Viability assay of cell cultures
To reveal changes in cell viability of primary cell cultures incubated with MNPs, an MTS (3-(4.5-dimethylthiazol-2-yl)-5-(3-carboxymethoxyphenyl)-2-(4-sulfophenyl)-2H-tetrazolium) proliferation assay (CellTiter 96 Aqueous one solution cell proliferation assay by Promega, Madison, USA) was used. To avoid previously reported and discussed interferences of nanoparticles with colorimetric assays and absorbance measurement [29], the experimental protocol of the MTS assay was slightly changed. Cells of both primary cell cultures were incubated on DIV 6 for 24 h with MNP medium containing different concentrations of MNPs (10, 50 and 100 μg/ml, each with n = 10 for Schwann cell/fibroblast cultures and n = 12 for cerebellar cultures). Control cells received MNP-free medium. After 24 h of incubation, the medium was removed and cells were washed once with sterile PBS. New MNP-free medium and MTS reagent were added. Cells were incubated for 3 h at 37°C in humidified 6% CO2 atmosphere. All values were normalized by the mean of the blank.

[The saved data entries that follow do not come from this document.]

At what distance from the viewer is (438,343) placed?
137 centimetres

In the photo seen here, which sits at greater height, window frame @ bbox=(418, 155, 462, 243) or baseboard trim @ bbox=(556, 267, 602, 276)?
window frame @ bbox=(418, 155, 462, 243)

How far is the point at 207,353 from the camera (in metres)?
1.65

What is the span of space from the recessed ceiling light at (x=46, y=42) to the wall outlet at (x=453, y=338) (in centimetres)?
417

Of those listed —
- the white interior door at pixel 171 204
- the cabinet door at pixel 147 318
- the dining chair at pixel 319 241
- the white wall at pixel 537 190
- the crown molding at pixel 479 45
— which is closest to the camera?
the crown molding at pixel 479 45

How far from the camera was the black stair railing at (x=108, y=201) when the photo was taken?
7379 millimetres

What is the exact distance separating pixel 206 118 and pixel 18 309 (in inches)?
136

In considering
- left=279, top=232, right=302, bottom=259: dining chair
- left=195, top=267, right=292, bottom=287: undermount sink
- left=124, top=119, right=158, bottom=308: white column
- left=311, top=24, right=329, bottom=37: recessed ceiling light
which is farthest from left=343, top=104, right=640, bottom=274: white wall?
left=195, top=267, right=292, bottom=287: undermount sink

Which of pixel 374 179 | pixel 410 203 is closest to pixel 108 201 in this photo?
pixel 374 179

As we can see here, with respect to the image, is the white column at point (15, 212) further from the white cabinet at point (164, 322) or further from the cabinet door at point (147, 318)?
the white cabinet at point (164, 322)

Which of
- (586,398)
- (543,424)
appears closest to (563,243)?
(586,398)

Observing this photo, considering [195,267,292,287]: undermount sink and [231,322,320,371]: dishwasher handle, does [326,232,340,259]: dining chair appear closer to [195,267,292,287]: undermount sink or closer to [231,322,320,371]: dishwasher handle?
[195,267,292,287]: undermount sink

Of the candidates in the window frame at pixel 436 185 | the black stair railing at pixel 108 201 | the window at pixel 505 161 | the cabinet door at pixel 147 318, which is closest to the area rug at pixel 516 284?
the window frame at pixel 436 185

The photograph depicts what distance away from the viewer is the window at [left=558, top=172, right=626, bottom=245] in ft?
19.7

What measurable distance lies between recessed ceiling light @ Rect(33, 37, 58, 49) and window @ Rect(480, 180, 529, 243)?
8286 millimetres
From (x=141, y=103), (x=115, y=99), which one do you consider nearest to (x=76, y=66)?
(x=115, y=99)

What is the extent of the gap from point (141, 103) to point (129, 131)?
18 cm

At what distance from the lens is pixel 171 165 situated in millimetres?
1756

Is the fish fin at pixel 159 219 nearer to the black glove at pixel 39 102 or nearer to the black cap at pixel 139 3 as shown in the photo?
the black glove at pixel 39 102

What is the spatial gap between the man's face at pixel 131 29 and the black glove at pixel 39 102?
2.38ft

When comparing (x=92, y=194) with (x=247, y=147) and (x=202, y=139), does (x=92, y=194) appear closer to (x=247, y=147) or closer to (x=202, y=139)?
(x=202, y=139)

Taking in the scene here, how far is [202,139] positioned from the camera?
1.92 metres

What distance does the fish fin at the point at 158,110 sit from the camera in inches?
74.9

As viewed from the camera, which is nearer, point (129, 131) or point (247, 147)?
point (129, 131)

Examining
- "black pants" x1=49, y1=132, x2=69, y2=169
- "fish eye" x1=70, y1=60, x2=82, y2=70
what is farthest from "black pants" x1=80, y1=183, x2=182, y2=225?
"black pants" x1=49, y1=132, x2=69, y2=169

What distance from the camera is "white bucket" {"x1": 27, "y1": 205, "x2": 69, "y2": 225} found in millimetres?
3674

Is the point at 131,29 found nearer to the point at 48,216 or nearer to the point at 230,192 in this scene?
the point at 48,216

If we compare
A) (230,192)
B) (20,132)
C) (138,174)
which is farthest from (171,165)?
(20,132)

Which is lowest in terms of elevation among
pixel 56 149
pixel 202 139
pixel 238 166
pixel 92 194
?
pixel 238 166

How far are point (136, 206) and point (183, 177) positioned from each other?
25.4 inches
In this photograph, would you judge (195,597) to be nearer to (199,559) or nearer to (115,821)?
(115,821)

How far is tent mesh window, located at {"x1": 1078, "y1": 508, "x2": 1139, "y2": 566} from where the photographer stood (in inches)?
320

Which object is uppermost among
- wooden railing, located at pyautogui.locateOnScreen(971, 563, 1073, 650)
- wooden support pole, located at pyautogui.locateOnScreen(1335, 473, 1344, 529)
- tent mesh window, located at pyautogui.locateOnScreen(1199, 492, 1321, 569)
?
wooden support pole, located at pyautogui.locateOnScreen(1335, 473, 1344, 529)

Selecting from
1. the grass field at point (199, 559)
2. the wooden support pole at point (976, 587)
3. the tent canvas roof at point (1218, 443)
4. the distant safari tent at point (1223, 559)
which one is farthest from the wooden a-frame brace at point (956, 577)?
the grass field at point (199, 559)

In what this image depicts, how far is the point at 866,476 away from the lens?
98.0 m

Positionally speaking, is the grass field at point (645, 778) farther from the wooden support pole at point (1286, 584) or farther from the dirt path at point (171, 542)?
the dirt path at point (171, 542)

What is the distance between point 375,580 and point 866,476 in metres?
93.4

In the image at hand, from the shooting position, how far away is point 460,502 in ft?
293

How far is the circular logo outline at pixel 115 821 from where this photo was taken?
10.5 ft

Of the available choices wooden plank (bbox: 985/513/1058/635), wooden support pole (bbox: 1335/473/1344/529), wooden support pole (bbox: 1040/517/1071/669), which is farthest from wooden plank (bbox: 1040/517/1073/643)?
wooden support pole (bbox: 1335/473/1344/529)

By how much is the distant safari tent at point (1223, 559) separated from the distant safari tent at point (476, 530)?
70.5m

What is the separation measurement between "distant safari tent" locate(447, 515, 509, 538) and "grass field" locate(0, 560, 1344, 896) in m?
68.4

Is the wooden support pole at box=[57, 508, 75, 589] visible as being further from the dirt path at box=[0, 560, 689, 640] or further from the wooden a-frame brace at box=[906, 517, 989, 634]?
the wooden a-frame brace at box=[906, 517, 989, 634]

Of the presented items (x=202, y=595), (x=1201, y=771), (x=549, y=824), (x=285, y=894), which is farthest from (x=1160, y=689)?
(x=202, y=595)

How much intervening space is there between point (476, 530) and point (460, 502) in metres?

After incubation the absorbance was measured with a Tecan M200 microplate reader (Tecan, Männedorf, Switzerland) at 490 nm. Two values per Petri dish were determined and the mean used for statistical analysis. Statistical analysis was performed with GraphPad Prism 4 using a one-way ANOVA followed by Dunnett's post-hoc test. A p-value ≤ 0.05 was considered to be statistically significant.
To check for integrity of the cell cultures, staining of cells with nuclear fast red-aluminium sulphate and Prussian blue was performed. Prussian blue stained iron-(III) oxide and visualized remaining MNPs (Figure 2). Images for each group were acquired with an AxioImager microscope (Zeiss).